Segundo o relatório, os desembargadores Alexandre Aguiar Bastos, Sideni Pimentel e Vladimir Abreu venderam o resultado do julgamento. As provas indicam que Lydio celebrou a venda de parte da fazenda antes do julgamento final, condicionando o pagamento de R$ 1 milhão aos seus advogados apenas ao êxito na apelação, o que demonstraria o conhecimento prévio do resultado favorável no tribunal.

Corrupção, falsificação e extorsão

A Fazenda Pauliceia, situada em Maracaju, envolveu crimes de corrupção, falsificação de documentos e extorsão. Os desembargadores Vladimir Abreu, Julio Cardoso, Alexandre Bastos e Sideni Pimentel proferiram decisões para manter a propriedade com os sobrinhos do conselheiro do Tribunal de Contas, Osmar Domingues Jeronymo.

A Polícia Federal apurou que escrituras públicas foram falsificadas para transferir terras de Marta Martins de Albuquerque para empresas ligadas ao grupo de Percival Fernandes e Diego Moya Jeronymo. Além disso, Osmar Jeronymo, o advogado Felix Jayme e os sobrinhos Diego e Danillo Jeronymo foram apontados por praticar extorsão contra o produtor Gerson Pieri, obrigando-o a desistir da disputa judicial pela área sob ameaça física e coação.

“Leilão” de desembargadores

No processo relativo às fazendas Montanha e San Diego, a investigação descreveu uma dinâmica de venda de votos na Primeira Câmara Cível. Os autores do crime de corrupção passiva identificados foram os desembargadores Sérgio Fernandes Martins, Divoncir Schreiner Maran e Marcos José de Brito Rodrigues.

O esquema contou com a intermediação do advogado Felix Jayme para favorecer o interessado Paulo Ricardo Fenner.
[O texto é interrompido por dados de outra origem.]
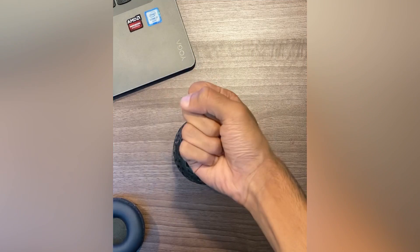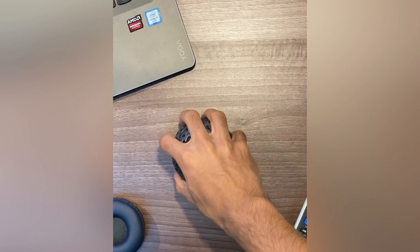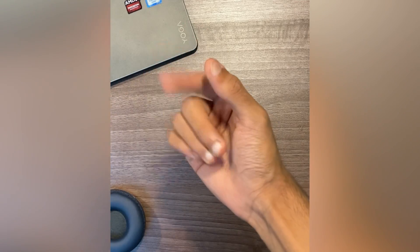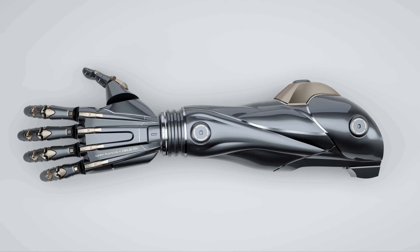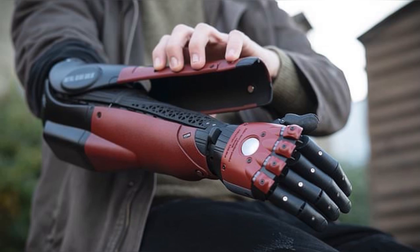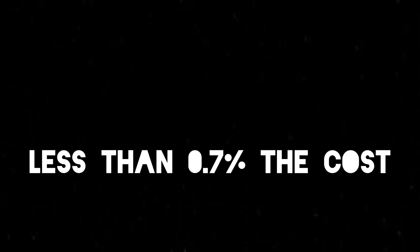I wanted the bionic arm to be able to make a full closed fist, as well as to have the ability to pick up objects. I also wanted to incorporate some form of wrist movement and individual finger control. I wanted the arm to not only function well, but also look appealing in terms of design. Bionic arms can cost in excess of £30,000. I gave myself a £200 budget — less than 0.7% of the cost.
Mensagens interceptadas indicam que o julgamento foi negociado para terminar com um placar de três votos a dois, sendo descrito em diálogos como um leilão, no qual os votos eram pagos conforme o combinado após a sessão.

“Um leilão danado”, disse o advogado Felix Jayme Nunes da Cunha a Danillo Moya Jeronymo, à época do julgamento. “Tô ticado num julgamento das 14h de hoje. Saí agora do TJ, vou faturar por 3x2”, disse. “Pqp, leilão danado kkkk... Cada um quer mais que o outro”, afirmou ao relatar a sessão ao colega.

O trâmite

O relatório final da Operação Ultima Ratio agora será encaminhado ao Ministério Público Federal. Caberá aos procuradores da República analisar as provas e os indícios para formular uma denúncia, para que os indiciados sejam acusados e, se for o caso, respondam criminalmente.

A Operação Ultima Ratio foi desencadeada em outubro de 2024. Na ocasião, cinco desembargadores foram afastados: Sideni Pimentel, Sérgio Martins, Alexandre Bastos, Marcos Brito Rodrigues e Vladimir Abreu.

De lá para cá, Sérgio Martins foi reintegrado ao cargo pelo ministro do Supremo Tribunal Federal, Cristiano Zanin, e Sideni Soncini Pimentel se aposentou.

Alexandre Bastos, Marcos Brito Rodrigues e Vladimir Abreu continuam afastados, agora por ordem do Conselho Nacional de Justiça (CNJ), onde já respondem a processo disciplinar.